Instructions to follow.
Apart from pictures, transcribe exactly each line from the one containing "Adidas Originals Superstar" through the final line of the listing below.

Provided data.
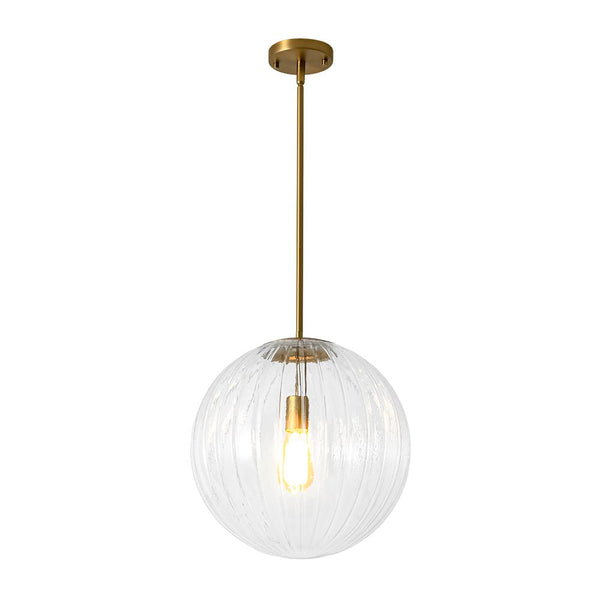 Chandelierias - Minimalist Modern 1 - Light Ribbed Clear Glass Globe Pendant - Pendants - Brushed Brass - 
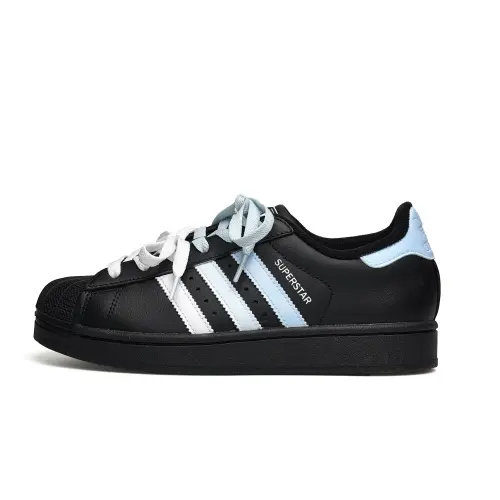 Adidas Originals Superstar 2 Cushioning Low top Skateboard Shoes Unisex Black Blue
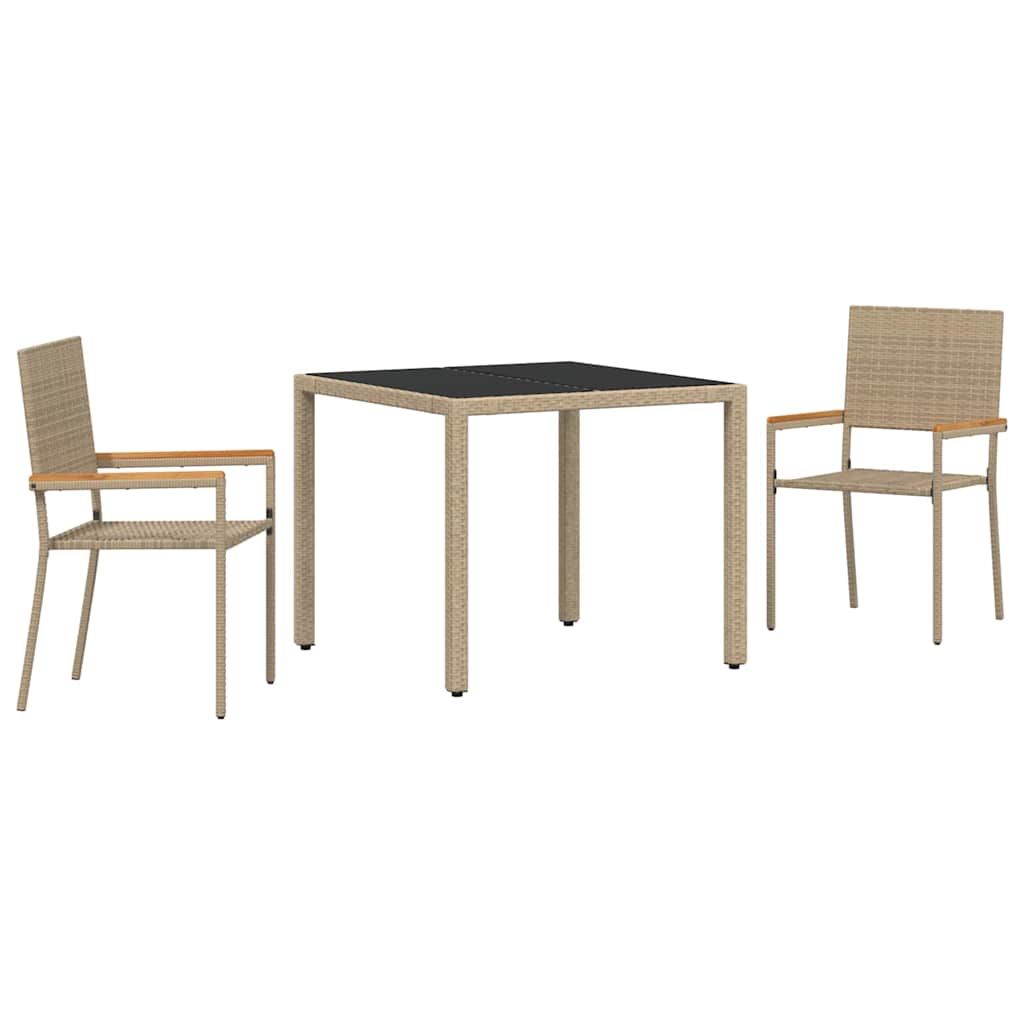 Garten Essgruppe 3 pcs Beige Poly-Rattan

Result of the exercise.
 Adidas Originals Superstar 2 Cushioning Low top Skateboard Shoes Unisex Black Blue
 Garten Essgruppe 3 pcs Beige Poly-Rattan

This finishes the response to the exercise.